Tesseract is a highly configurable piece of software -- though its configurations are poorly documented (unless you want to dig deep in the 150K lines of code). A good comprehensive list is present here http://www.sk-spell.sk.cx/tesseract-ocr-parameters-in-302-version.
Also look at
https://code.google.com/p/tesseract-ocr/wiki/ControlParams and https://code.google.com/p/tesseract-ocr/wiki/ImproveQuality
You can improve the quality tremendously if you feed more info about the data you're OCR'ing.
e.g. in case the images are all National IDs or Passports which follow certain standard MRZ formats, you can configure tesseract to use that info.
For the image you attach (an MRZ), i got the following result,
by using the following config
# disable dict, freq tables etc which would distract OCR'ing an MRZ
load_system_dawg F
load_freq_dawg F
load_unambig_dawg F
load_punc_dawg F
load_number_dawg F
load_fixed_length_dawgs F
load_bigram_dawg F
wordrec_enable_assoc F
# mrz allows only these chars
tessedit_char_whitelist 0123456789ABCDEFGHIJKLMNOPQRSTUVWXYZ<
Also see that your installation is trained for the fonts to get more accurate results. In your case it seems it is OCR-B font.
It is not necessary to go through the tedious task of retraining Tesseract. Yes, you will get much better results but in some cases you can get pretty far with the ENG training set.
You can improve your results by paying attention to the following things:
Use a binary image as input and make sure you have black text on a white background
By default Tesseract will try to make words out of things that have no spacing. Try to segment each character seperately and place them in a new image with lots of spacing. Especially if you have combinations of letters and numbers Tesseract will "correct" this to match the surrounding characters.
Try to segment different parts of your image with a whitelist for the characters you know should be in there. If your only looking for digits in the first part then use a seperate instance of Tesseract to detect these numbers with a number only whitelist.
If you use the same object multiple times without resetting it Tesseract seems to have a memory. That means that you can get a different result each time you perform OCR. You can reset Tesseract to counter this or just create a new object.

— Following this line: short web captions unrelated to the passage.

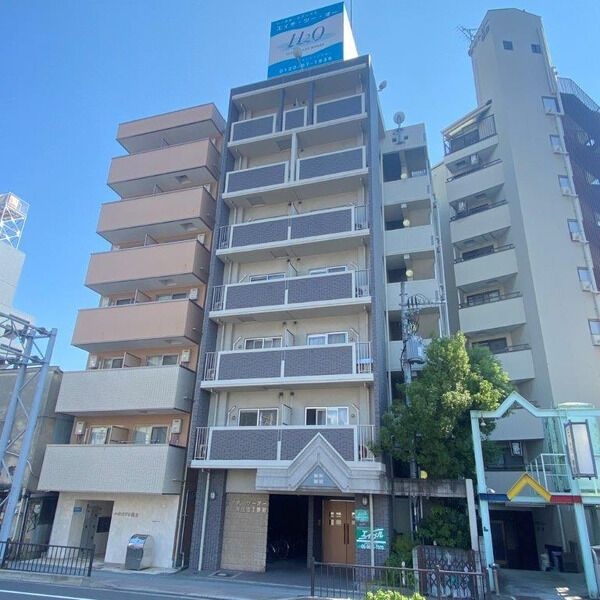 11725654/建物外観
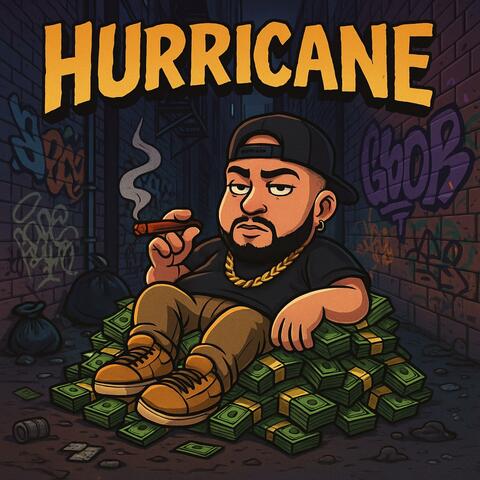 Hurricane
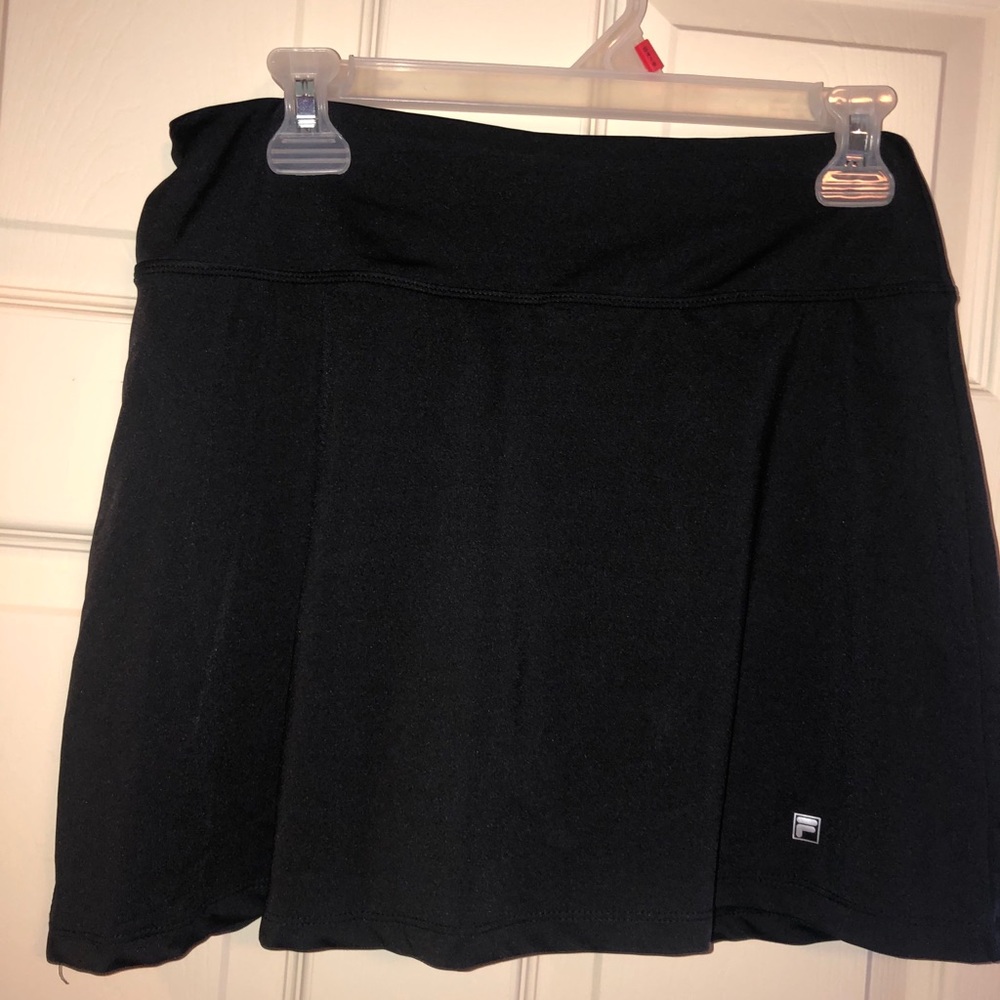 Fila Activewear Skirt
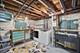 829 St Johns, Highland Park, IL 60035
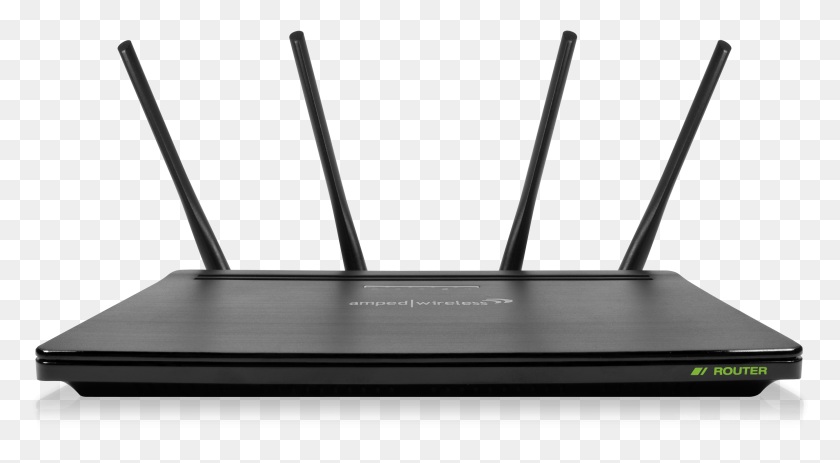 2686x1388 R2 Amped Wireless Athena Ap High Power Ac2600 Wi Fi Access, Router, Hardware, Electronics HD PNG Download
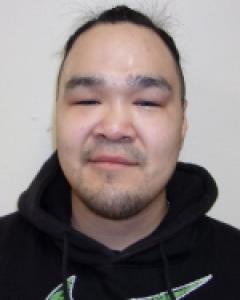 John Paul Willie Usugan a registered Sex Offender / Child Kidnapper of Alaska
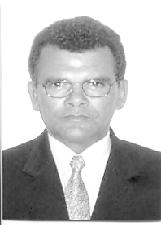 Foto de JOAN DE CASTRO ALVES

Last but not least, use the resultIterator to go through the boxes that Tesseract can give as a result. You can check the size and confidence of each character and filter accordingly.
Based on my experience:
1.How to Improve text recognition rate using Tesseract ?

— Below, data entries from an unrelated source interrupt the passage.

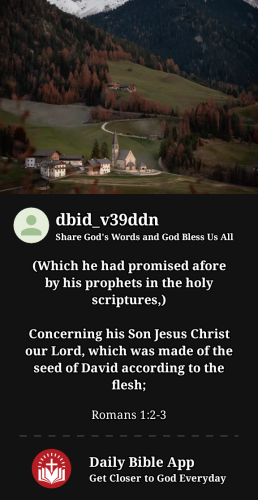 2023-04-091681071976993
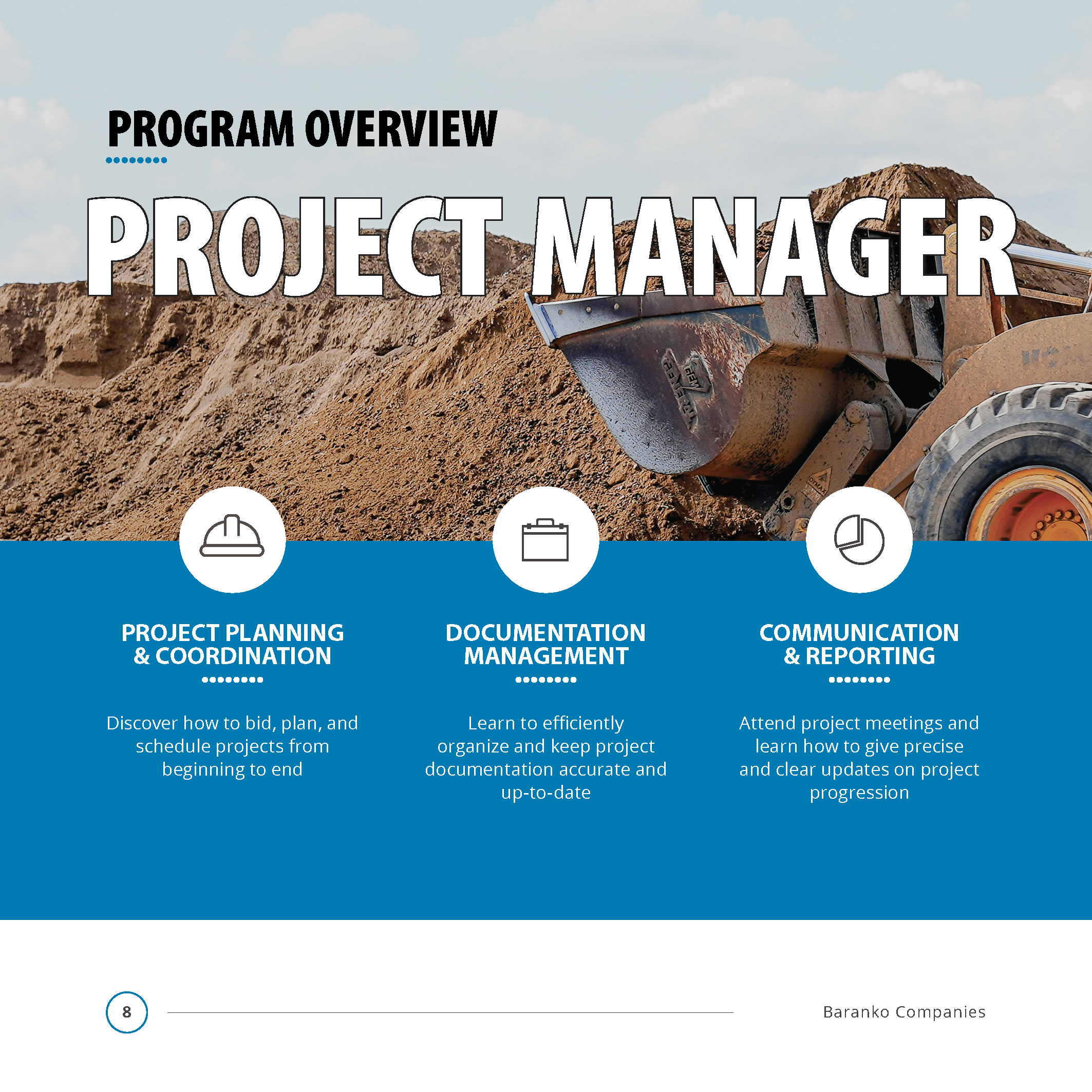 PM Internship_030926_Page_08.png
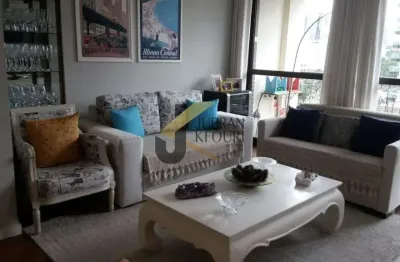 Apartamento com 2 quartos à venda na rua antônio lapa, 1043, cambuí, campinas, 102 m2 por r$ 1.300.000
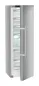 Preview: liebherr fnsdd 5297 tiefkuehler no frost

Firstly, preprocessing. Ensure that the input image is binary image with a good threshold. OpenCV has a good set of functions to apply threshold algorithms such as the Otsu algorithm as well as contour detection to help with warping and rotation.

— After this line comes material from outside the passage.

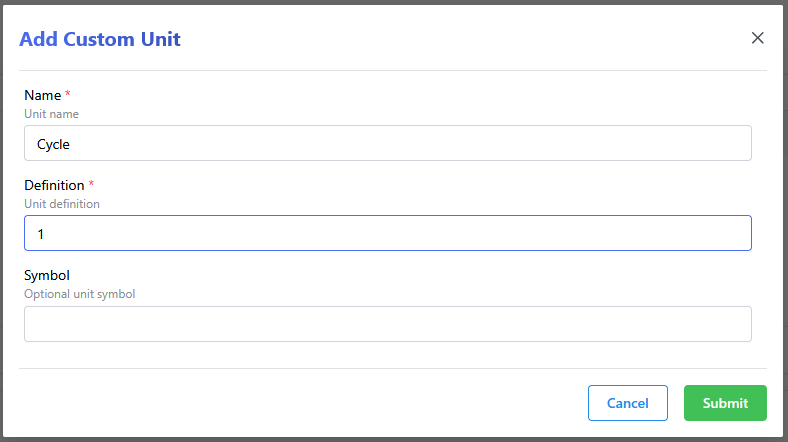 Creating_a_dimensionless_custom_unit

You can also use contour detection in OpenCV to distinguish between lines of text.
Some filtering would also remove noise which often confuse tesseract and increase processing time.
Set up proper configurations for tesseract (e.g. eng.config). Full list of configs here (http://www.sk-spell.sk.cx/tesseract-ocr-parameters-in-302-version). Some examples include blacklists, whitelists, chopping, etc...
Use proper flags. E.g. -psm 6 if you are doing blocks of text rather than lines
Having trained my own language data... I would say do so only if you have lots of time and resources. Or if your font is very peculiar (e.g. dot matrix).
More recent versions of Tesseract (closer to 3.0) allow for multiple language files to be used on the same pass (-l one+two). This means you can have one specially trained for text and another for numbers. In our case, it seemed to work well.
Postprocessing of tesseract results was particularly important for us too. String replacements of typical mis-recognitions and what not.
2.Is any other pre processing steps applied in Tesseract.?
Tesseract uses leptonica library for preprocessing.
3.Is dewarp text Done in Tesseract OCR.?
I am inclined to think yes. Considering that warping functions are part of leptonica.
I'm learning Image processing. My problem is Segmentation in RGB vector space. How to describe the Euclidean distance(Fomula 6.7-1 chap6 in Image processing- Gonzalez) to segment RGB in C programming. Thanks.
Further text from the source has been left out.